Also, most prior pumps have required numerous moving parts, causing them to be expensive to manufacture and difficult to maintain. The present invention is not saddled with these drawbacks.
Also, typically the prior art pumps are of the substantial size, so that they are difficult to fit into small spaces from which it is desired to pump liquid. The present invention provides a pump which can be made small enough to be of virtually the same diameter as the liquid conveying line to be used with the pump, so that it can be used in such circumstances.
Finally, the present invention can be operated in a mode to provide a pump which meters precise quantities of liquid, unlike most prior art pumps.
The present invention fulfills this need in the art by providing an apparatus for pumping liquids including a body having an upper portion, a lower portion, an inlet in the upper portion and an outlet in the lower portion, whereby liquids may fall by gravity from the inlet to the outlet. The body has a gas injection port between the inlet and the outlet, and a valve between the gas injection port and the inlet, the valve being normally open, but closeable upon an injection of gas through the gas injection port. A gas injection apparatus is provided for injecting gas through the gas injection port from time to time. When no gas is being injected by the gas injection apparatus, liquid may enter the upper portion of the body through the inlet and fall by gravity toward the outlet in the lower portion. Upon injection of gas by the gas injection apparatus, the valve closes, trapping liquid in the body below the valve, and as gas continues to be injected by the gas injection apparatus, trapped liquid is forced out the outlet.
In a preferred embodiment the valve is a swing check valve. Preferably, the body has a crook between the valve and the gas injection port, which helps to assure that the pressure closes the valve.
Preferably, the gas injection apparatus injects gas at a pressure of at least about 40 psi. For some applications it is desirable to include a strainer mounted on the inlet to prevent large solids from entering the inlet, however one of the advantages of the invention is that small solids do not disrupt the pump operation and are transferred with the pumped liquid. The body may be provided with two of the valves between the inlet and the gas injection port, to increase the likelihood of closure of at least one of the valves during a gas injection even if solids prevent the closure of the other of the valves.

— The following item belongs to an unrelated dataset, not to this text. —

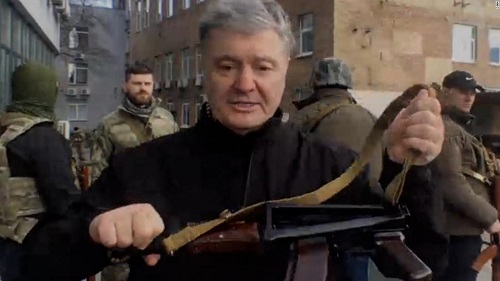«پادشاه شکلات» اوکراین سلاح به دست گرفت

The apparatus may include a second valve downstream of the gas injection inlet to prevent pumped liquid from returning to the body through the outlet.
In one embodiment a sensor in the body ascertains when the body contains liquid instead of gas and is operatively connected to the gas injection apparatus to cause the gas injection apparatus to inject gas when the body contains liquid.
The invention may be carried out with a plurality of the bodies and gas injection apparatuses, with a manifold connected to the outlets of the bodies to receive and convey the pumped output of the plurality of bodies. The gas injection apparatuses may be arranged to inject gas simultaneously with one another. Alternatively, the gas injection apparatuses may be arranged so that they do not necessarily inject gas simultaneously with one another. If so, desirably, each of the bodies is provided with a second valve downstream of its gas injection inlet to prevent liquid pumped by one of the other bodies from returning through its outlet.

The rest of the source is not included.